Education and science ©1994-2003 Kevin Boone
Home     Section index     K-Zone home
Research and development projects

Site search

Articles
- So you want to be a university lecturer? Read this first!

What is statistics actually for?

More...

The K-Zone
K-Zone computing

K-Zone law

K-Zone education and science

K-Zone motorcycles

K-Zone DIY

K-Zone railways

K-Zone martial arts

About the author

K-Zone home page

 
Education and science
NLP/NLC
Web teaching
EIT
CARTMAN
QUASI
An object-oriented document preparation scheme


Kevin Boone, School of Computing Science, Middlesex University

Abstract
There is a trend towards increased use of ``what you see is what you get'' word processors and presetation graphics packages for document processing. However, the philosophy that underlies such tools can make them counter-productive for preparing and managing large sets of complex, inter-related documens. In these cases `traditional' document preparation systems based on markup languages may be more useful, as the source document can be subject to various pre- and post-processing operations. This article reviews this philosophy, and describes a prototype system for producing and managing complex document sets in the form of executable programs. Doing so allows both the document content and document processing operations to be specified in one source, leading to great flexibility and increased ease of maintenance.

1 Introduction
The modern trend in document preparation is towards increased use of ``what you see is what you get'' word processors and presetation graphics packages. Although these tools are very straighforward to use -- and to learn to use -- they have severe limitations when applied to `heavyweight' document processing jobs. As an example, consider the job of producing integrated teaching materials for a popular undergraduate course. As a lecturer I may wish to produce:

  • slides or overhead transparencies, for showing in lectures and workshops;
  • a (printed) course handbook containing all the information in the slides, plus more detailed explanations, references, sample exam questions, etc.;
  • a set of World-Wide Web pages containing all the information in the printed course handbook, plus links to other Web sites of interest, software to download, on-line tests and other supporting materials.

It can be seen that these sets of documents contain overlapping sub-sets of the same basic information, but presented in different ways. Here is how I might produce this set of documents using the modern, `WYSIWYG' approach.

    1. Using a presentation graphics program, like Microsoft's PowerPoint, design the slides, including images and drawings where necessary.
    2. Using cut-and-paste operations transfer the text and images from the slides to a word processor document, then manipulate them into a style suitable for the printed course handbook.
    3. Add text and other material to the word processor document, until it is finished. I probably have a very large (100-200 pages) document at this stage.
    4. Convert the handbook into a set of HTML (Hypertext Markup Language) files for use as web pages.

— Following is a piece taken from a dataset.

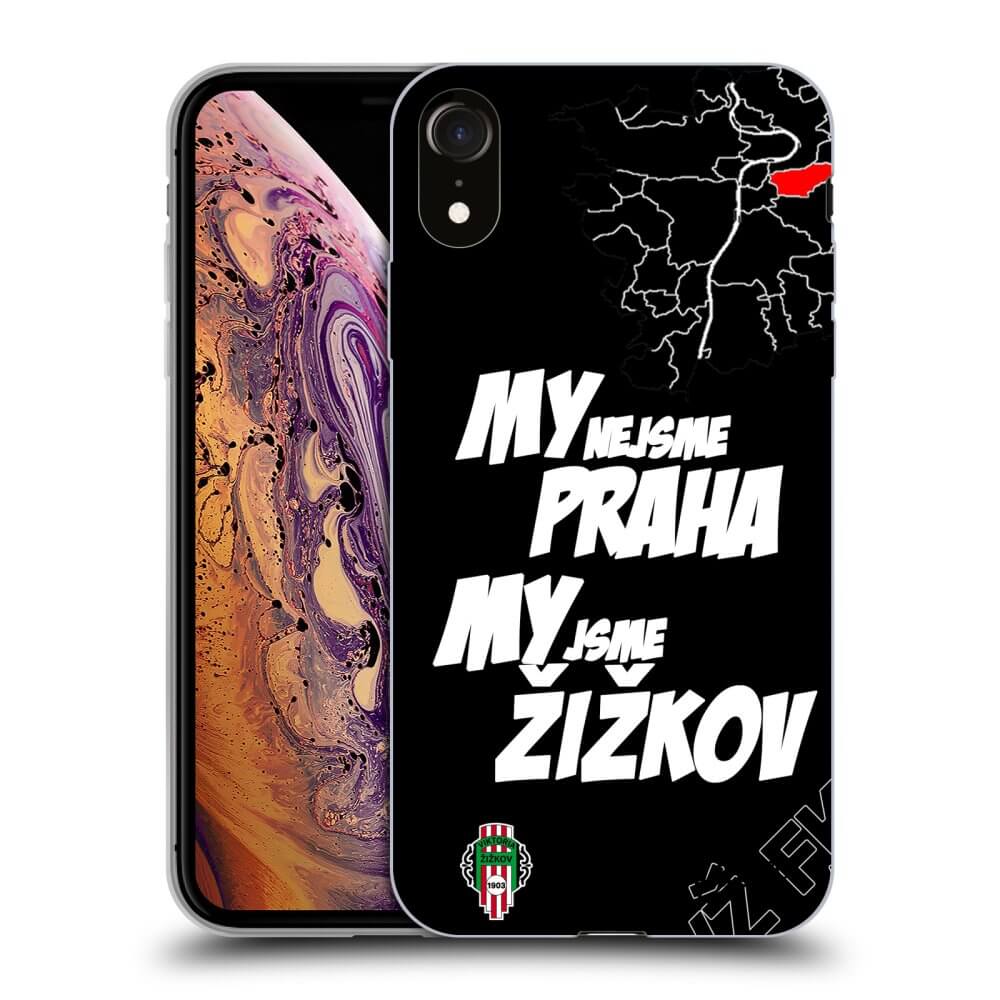 Picasee silikónový čierny obal pre Apple iPhone XR - FK Viktoria Žižkov A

Most modern word processors can do this, but I probably have to break the document into smaller documents before converion to make things more manageable.
    5. Using an HTML editor add material to the Web pages that would not have been relevant in a printed document.

Using this technique in practice, I would probably spend about the same amount of time on `creative' tasks as on `non-creative' ones. `Non-creative' in this context means the manipulation of data in such a way that no new information is added. Such non-creative tasks include the distribution of information between the various different document sets, and conversion of files from one format to another.

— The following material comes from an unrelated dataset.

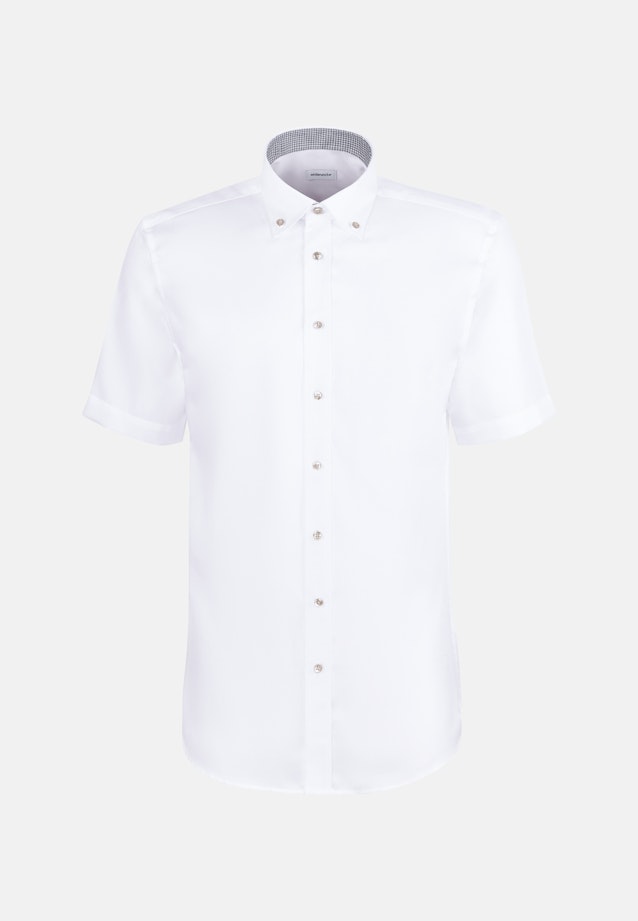 Shaped Business Hemd Struktur in Weiß |  Seidensticker Onlineshop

However, creation of the material is a relatively minor problem compared to its long-term maintenance. In the scenario above, the job of adding a small section of new information to the course material becomes that of modifying three sets of documents, in three different formats managed by three different software tools. This applies even to trivial modifications such as correcting spelling mistakes. It will often be difficult even to remember which documents have to be modified, quite apart from carrying out the modifications consistently. Because the maintenance is so time consuming, there is considerable pressure not to do it, and the overall standard of the course material degenerates, as different documents become inconsistent with one another.

Even a relatively simple application, for example producing two versions of the same document where one is a shortened version of the other, leads to difficulties in management. When a modification is necessary, both versions have to be modified consistently.

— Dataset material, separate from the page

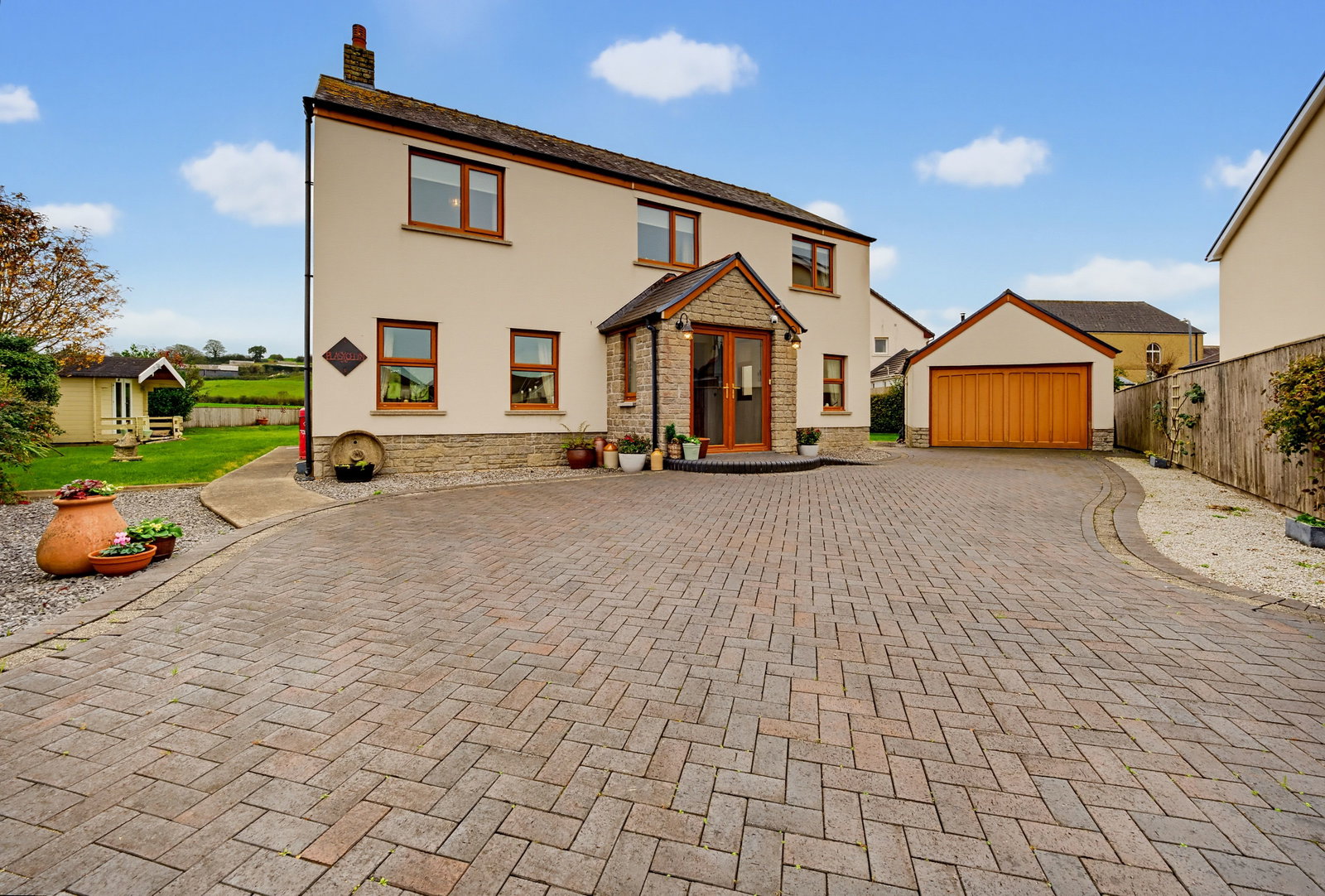 Detached House for sale in Carmarthen, Plas Y Celyn, Clos Y Wennol, Porthyrhyd, Carmarthen, SA32 8BD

Some of these problems can be overcome by abandoning `WYSIWYG' in favour of the earlier `markup language' approach, combined with various pre- and post-processing filters. The most intractable problem -- producing consistent documents in different final formats (e.g., Adobe PostScript and HTML) -- requires a more assertive strategy. A possibility is the use of a 'meta-markup' language, that produces differently marked up text according to a higher-level specification. The marked-up text can then be processed further into printable or viewable output.

This article attempts to demonstrate that standard programming techniques, and the techniques for the management of large complex programs can equally well be applied to the management of large complex document sets, once we accept the loss of WYSIWYG tools. These techniques will already be familiar to many programmers and computer scientists; it is their application that is novel.

2 Using a markup language
The most popular markup languages are probably TEX (Knuth, 1984) -- including LATEX -- and HTML. Both use plain ASCII source text, and are therefore easy to generate or filter using software. The general strategy for using markup languages is shown in figure 1.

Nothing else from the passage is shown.